Bundeskanzler Olaf Scholz (SPD) sprach in seiner Rede zur deutschen Sicherheitspolitik am 27. Februar von einer „Zeitenwende“. Seine dänische Amtskollegin Mette Frederiksen (Soz.) sprach am Sonntagabend von einem „nationalen Kompromiss“.

Den Ausdruck hat die Staatsministerin selbstverständlich nicht zufällig gewählt, denn er hat in der dänischen Politik eine ganz bestimmte Bedeutung. 1992 gab es einen solchen „nationalen Kompromiss“ nachdem die dänische Bevölkerung den Traktat zur Europäischen Union bei einer Volksabstimmung abgelehnt hatte. Der Kompromiss bestand in den vier EU-Vorbehalten und bei einer erneuten Abstimmung 1993 gab es dann ein knappes „Ja“.

Ganz maßgeblich war dabei, dass die damaligen Unionsgegner von der Sozialistischen Volkspartei (SF) dem Kompromiss zugestimmt hatten. Der Kompromiss bestand im Kern darin, dass sich die Parteien, die die Union befürworteten, mit SF geeinigt hatten.

Es ist daher mehr als nur eine Anspielung auf diese Situation, wenn Frederiksen in Zusammenhang mit der Ankündigung einer Volksabstimmung zur Abschaffung des einen der vier Vorbehalte den Ausdruck verwendet. Auch die Tatsache, dass SF wieder mit an Bord ist, muss als historisch bezeichnet werden.

Dies gilt nicht nur für den Vorbehalt, sondern auch für die Tatsache, dass die traditionell pazifistisch orientierte Partei einer massiven Aufrüstung zustimmt. 2033 will Dänemark das NATO-Ziel, 2 Prozent des Bruttoinlandproduktes für die Verteidigung auszugeben, erreichen. Derzeit sind es knapp 1,5 Prozent. Der Verteidigungsetat soll also um ein Drittel erhöht werden.

Das ist an sich schon historisch – wenn auch nicht im gleichen Ausmaß, wie die von Scholz angekündigte Neuorientierung der deutschen Verteidigungspolitik – doch die breite Unterstützung ist es ebenfalls. Denn auch Radikale Venstre steht bei allem Pragmatismus militärischer Aufrüstung kritisch gegenüber.

Doch zurück zu den EU-Vorbehalten. 1992 war die Skepsis gegenüber der Europäischen Union (damals noch Europäischen Gemeinschaft) vor allem links verortet. Man befürchtete, mit dem Schritt zur Union wäre man auf dem Weg zu einem europäischen Superstaat.

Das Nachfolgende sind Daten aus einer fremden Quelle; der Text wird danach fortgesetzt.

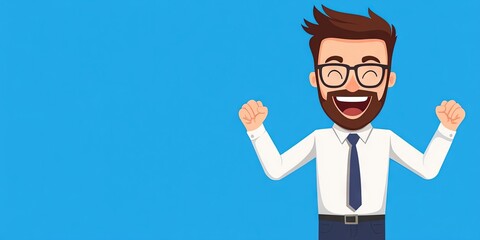 cheerful employee happy to be at work in the office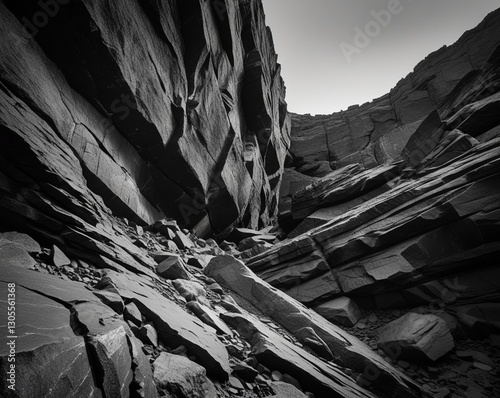 Black rock mountain surface, damaged, cracked, dark gray stone texture.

SF plakatierte in Anspielung auf den damaligen Parteivorsitzenden Holger K. Nielsen „Holger og konen siger nej til Unionen“.

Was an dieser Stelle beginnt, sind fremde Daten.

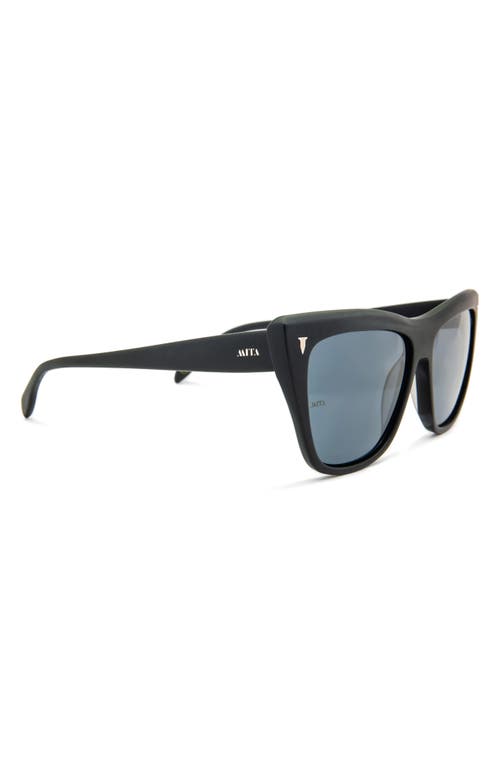 Shop Mita Sustainable Eyewear 58mm Wynwood Cat Eye Sunglasses In Shiny Black/smoke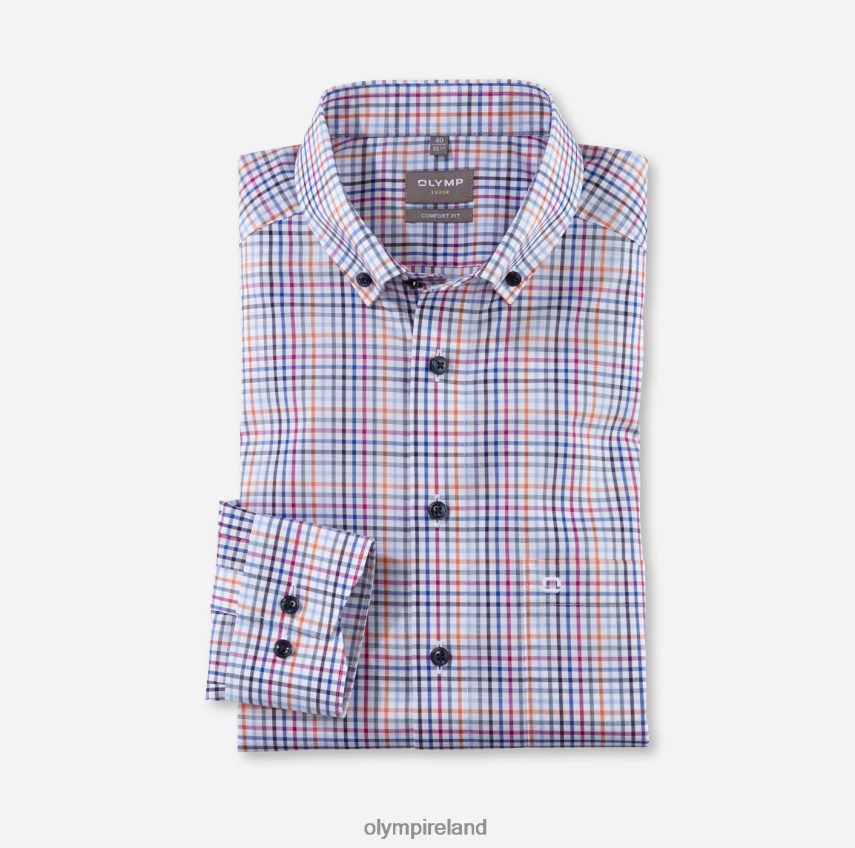 Clothing OLYMP Luxor Comfort Fit, Business Shirt, Button-Down, Orange 24L8461498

Nachdem das „Nein“ zur Union dann im Juni eine Tatsache war, wusste niemand, wie es weitergehen sollte. Es bestand keine Aussicht, dass die Maastrichter Verträge zur Union geändert werden konnten.

SF argumentierte, Dänemark solle in vier Bereichen, die die Partei als entscheidend für die Bildung eines EU-Staates betrachtete, nicht mitmachen. So entstanden die Vorbehalte zur Währungsunion (und damit dem Euro), zu einer gemeinsamen Rechtspolitik, zu einer gemeinsamen Verteidigungspolitik und zur Unionsstaatsbürgerschaft. Letzterer ist mittlerweile hinfällig geworden, da laut Traktat die Unionsbürgerschaft die nationalen Staatsbürgerschaften nicht ersetzen soll.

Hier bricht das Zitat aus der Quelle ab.